For Layne, the desert’s danger, its desolation, is part of what makes the landscape so alluring. “The most stunning parts of the Mojave Desert, both natural and man-made,” he enthuses, “are nearly always empty of people.” In Desert Oracle, Volume 1, he gathers 33 accounts of folklore, history, and personalities, ranging from the supernatural to the mundane. There is Yucca Man, “eight feet tall, an unbearable stench, the eyes glowing like red coals”—a southwestern version of the Sasquatch that has appeared in a variety of guises and under a variety of names. There is poor Jared Negrete, a 12-year-old boy who got separated from his Boy Scout troop on a 1991 hike near Big Bear.
Searchers, Layne informs us, “found his canteen, his beef jerky, wrappers from candy, some footprints that matched his shoes.” They also found Jared’s camera, which held one shot taken after he got lost. “Only his eyes and nose appear in the photo,” Layne reports. “Even without the emotional clue of the mouth, the picture is heavy with dread. His eyes are haunted by dire circumstance. It is the last glimpse of a boy who was never seen again.”
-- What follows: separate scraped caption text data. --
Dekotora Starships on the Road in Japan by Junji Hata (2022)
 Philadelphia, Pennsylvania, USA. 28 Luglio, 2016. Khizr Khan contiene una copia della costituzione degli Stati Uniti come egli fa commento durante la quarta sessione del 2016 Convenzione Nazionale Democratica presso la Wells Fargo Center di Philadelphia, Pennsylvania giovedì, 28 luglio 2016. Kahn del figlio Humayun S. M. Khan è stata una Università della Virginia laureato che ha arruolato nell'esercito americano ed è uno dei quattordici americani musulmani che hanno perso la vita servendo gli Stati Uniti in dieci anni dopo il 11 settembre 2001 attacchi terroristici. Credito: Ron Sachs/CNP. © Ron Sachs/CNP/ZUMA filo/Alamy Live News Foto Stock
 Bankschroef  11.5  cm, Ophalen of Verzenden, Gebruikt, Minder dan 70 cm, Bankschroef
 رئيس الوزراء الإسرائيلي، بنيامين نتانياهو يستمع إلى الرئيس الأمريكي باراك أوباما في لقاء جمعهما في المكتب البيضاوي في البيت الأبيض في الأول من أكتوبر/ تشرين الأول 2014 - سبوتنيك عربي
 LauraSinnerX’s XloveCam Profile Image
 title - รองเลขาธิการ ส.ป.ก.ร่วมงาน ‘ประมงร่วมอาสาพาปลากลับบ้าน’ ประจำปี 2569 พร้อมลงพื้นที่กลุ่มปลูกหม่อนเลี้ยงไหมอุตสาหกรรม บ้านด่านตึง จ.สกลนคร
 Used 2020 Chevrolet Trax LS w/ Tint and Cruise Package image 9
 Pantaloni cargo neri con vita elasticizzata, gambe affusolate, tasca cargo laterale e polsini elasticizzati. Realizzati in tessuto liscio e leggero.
If you’re familiar with Layne’s work, you know he has a taste for such stories; there are many in this book. Most come from his quarterly digest Desert Oracle, which he began in January 2015. (Since 2017, he has also produced a weekly radio show, Desert Oracle Radio, which airs on Joshua Tree’s “only radio station” on Friday nights.) And yet, to think of Desert Oracle, Volume 1 as a compendium is to miss the point.
Layne’s digests, after all, can be hard to come by. He distributes them himself to a network of small shops “scattered across the Southwest.” Whatever else it might be, then, this volume functions as a reclamation project, a way to showcase his work for a wider audience, to bring the desert home to everyone.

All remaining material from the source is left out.